> TASK TO CARRY OUT: Write out again the lines from the line with "Load image into" up to and including the line with "Escultura de ballena", exactly as they stand below, and skip any picture.

━━━━━ THE INPUT

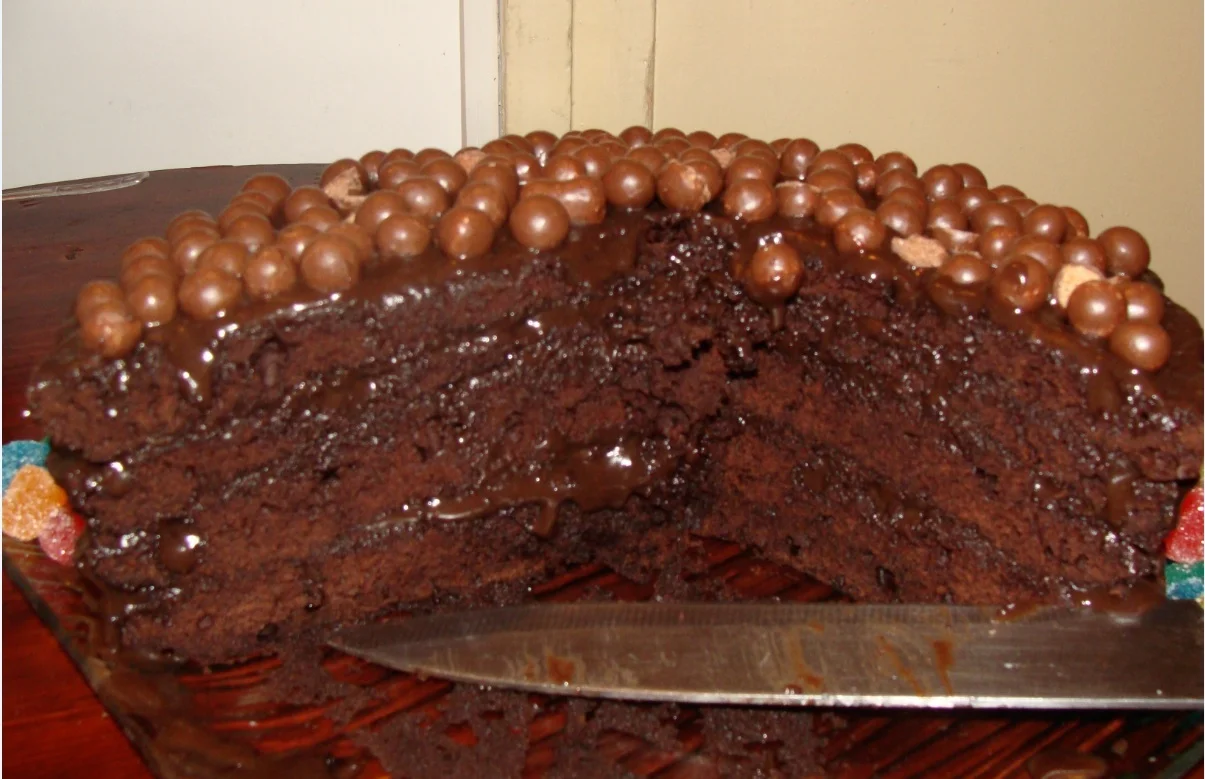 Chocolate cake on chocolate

━━━━━━━━━━
━━━━━ THE INPUT

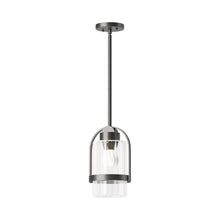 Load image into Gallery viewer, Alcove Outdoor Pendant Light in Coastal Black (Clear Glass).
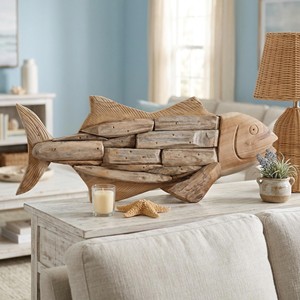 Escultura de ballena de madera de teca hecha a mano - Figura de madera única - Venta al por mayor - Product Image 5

━━━━━━━━━━
━━━━━ THE INPUT

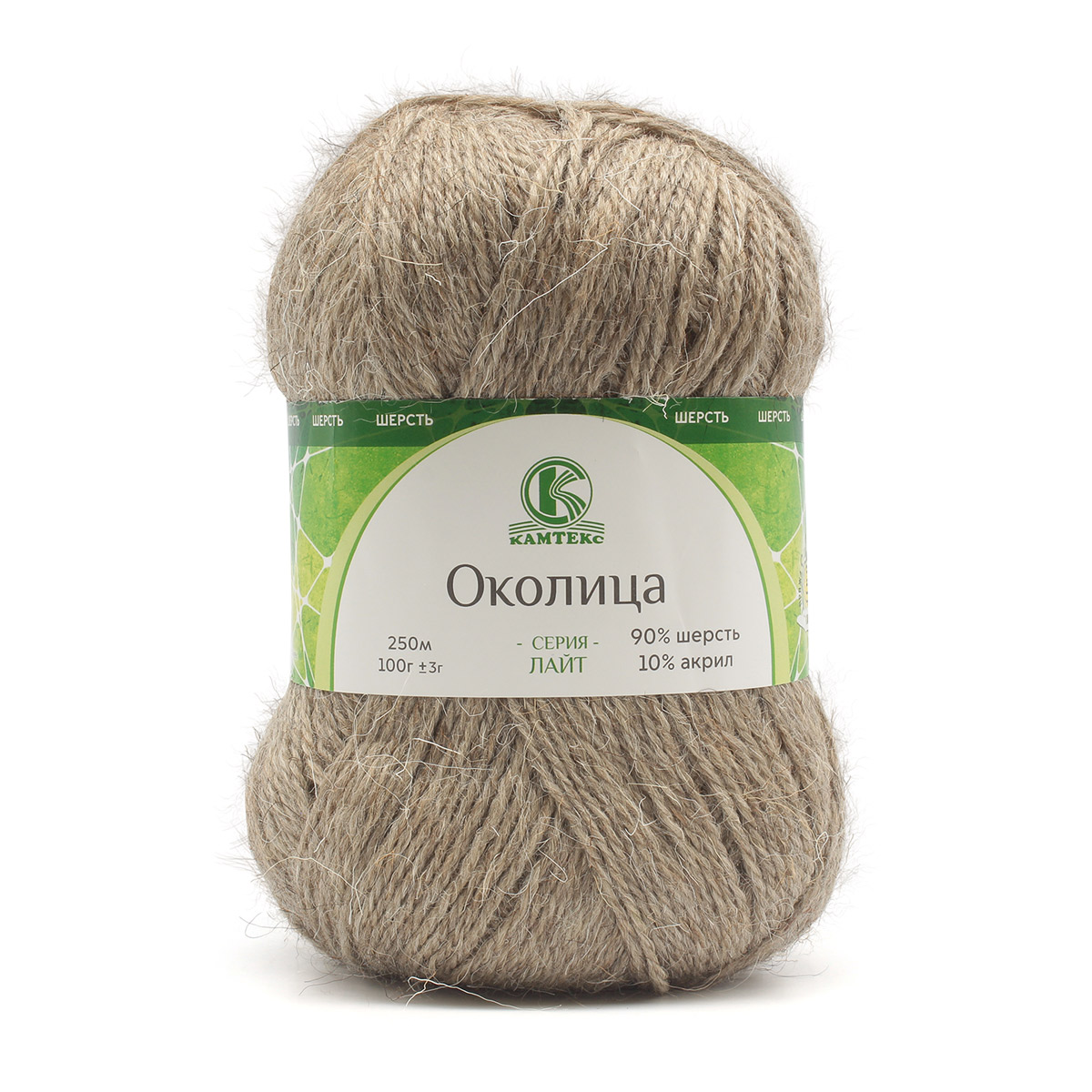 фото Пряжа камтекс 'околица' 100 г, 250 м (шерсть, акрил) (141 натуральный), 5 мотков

━━━━━━━━━━

> SOLUTION:
 Load image into Gallery viewer, Alcove Outdoor Pendant Light in Coastal Black (Clear Glass).
 Escultura de ballena de madera de teca hecha a mano - Figura de madera única - Venta al por mayor - Product Image 5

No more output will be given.